Дальше - только пятна памяти. Я в сером пальто и серой, на лоб надвинутой кепке, в своем тщательном маскараде больше всего похожий на человека, который своим таинственным видом хочет привлечь внимание, то есть хочет того, чего меньше всего хотел бы. В Петербурге прямо с вокзала на финляндский пароход. Со мной нет никаких вещей; впрочем, у меня вообще ничего нет, потому что мое прошлое зачеркнуто, а за время моего пребывания в тюрьме все, что не было украдено полицией, украдено дочиста, до последней нитки, другими профессиональными ворами. И на этих последних я не обижен: они - мои братья по тюрьме, и от них я отличался только гражданской одеждой и одиночной камерой. Я родился в середине великого пути, который проложен через всю Россию в Восточную Сибирь; служил раньше, служит и посейчас. Через мой родной город гнали пешком арестантов, доставленных по реке на барках. Так и говорилось: "гнали"; говорят так про скот и про людей необычной, бунтующей воли. Арестантские песни были у нас в почете. Вообще мы, русские, странные люди. Когда на европейской улице ловят преступника, обыватели в этом помогают; у нас радовались и помогали любому побегу. Наши сибирские крестьяне называли арестантов "несчастненькими", купцы и богомольные старушки посылали в тюрьму чай, сахар и калачи. В Париже я долго жил близ тюрьмы Сантэ и никогда, проходя мимо нее, не упускал подумать: как было бы хорошо взорвать эту высокую ограду и посмотреть, как во все стороны разбегутся заключенные! Среди них немало негодяев, хотя, конечно, не больше, чем среди тех, кто их лишил свободы. Я охотно спрятал бы у себя бежавшего из тюрьмы бандита. После он, вероятно, обобрал бы меня, может быть, прирезал; но, конечно, не это может меня остановить. Вам такие слова покажутся назойливо-дерзкими, такие мысли парадоксальными; но от вас, защитников принципа свободы личности, я отличаюсь только последовательностью и откровенностью.

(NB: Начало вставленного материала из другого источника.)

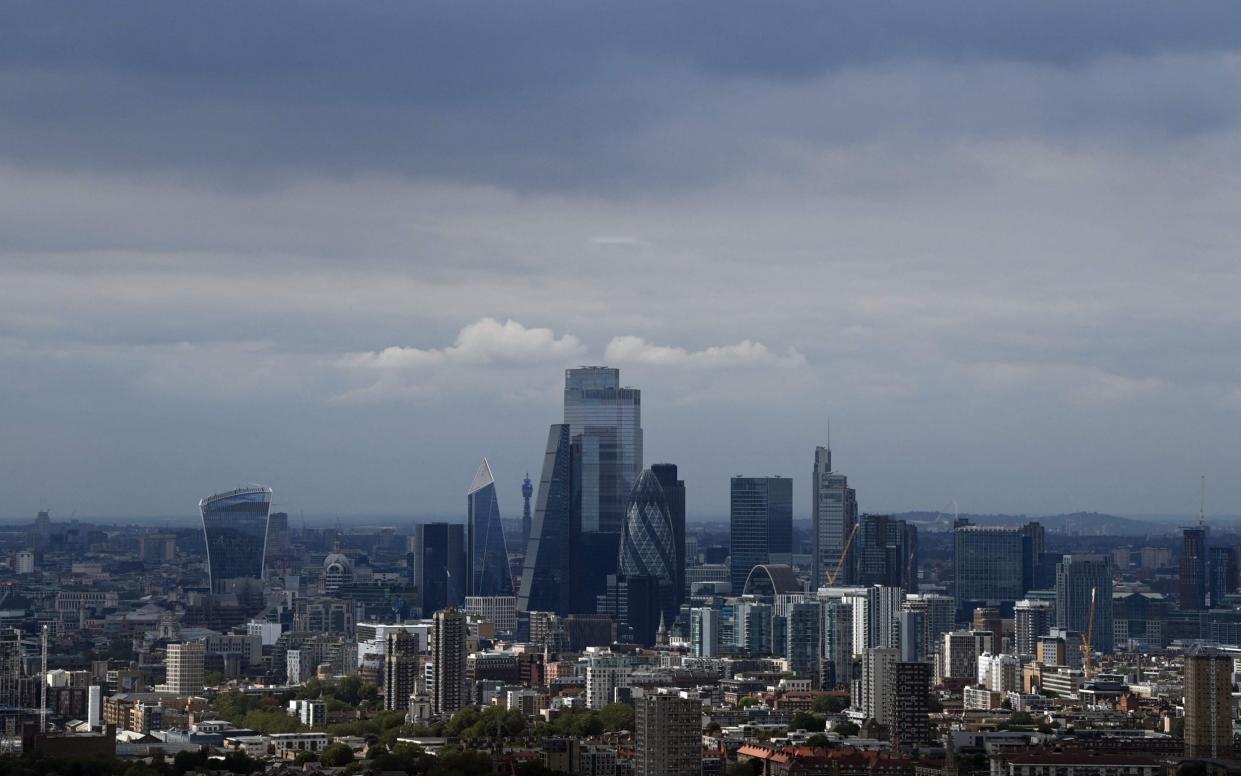 The financial services sector in the City of London is expecting a loosening of regulations to be announced by Jeremy Hunt - DANIEL LEAL/AFP via Getty Images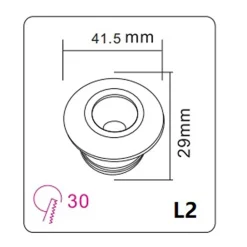 Mini spot LED encastrable 3W DC 12V Blanc froid 6000k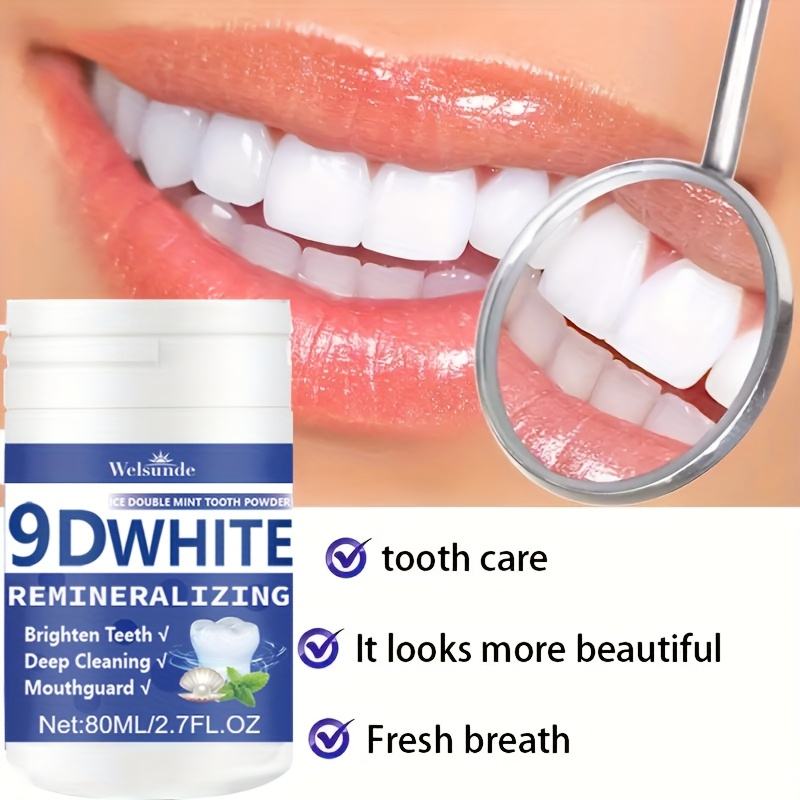 Teeth Whitening Near Me - 9D White Remineralizing Hydroxyapatite مسحوق الأسنان،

На пароходе я притворился иностранцем, вернее - немым. Перегон был невелик, и в Гельсингфорсе я был по-настоящему свободен. Еще просыпался ночью при малейшем шорохе: мне казалось, что сейчас загремит ключ в замке тяжелой двери или дежурный уголовный арестант откинет в этой двери форточку и весело крикнет: "Кипяток!" Но утром гулял по Эспланаде и любовался румянцем и сытым видом финнов и шведов. В порту пахло рыбой и йодом. Если бы не застенчивость, я вспрыгнул бы на уличную тумбу и, взметнув руками, закричал: "Сейчас улечу - я свободен!" Я был почти в Европе; и Европа казалась мне... я еще совсем не знал Европы. Я только что родился. Финляндия - прекрасная девушка, у которой двуглавый орел хочет вырвать книгу ее законов; эта картина висела в моем адвокатском кабинете. И вот я в Финляндии.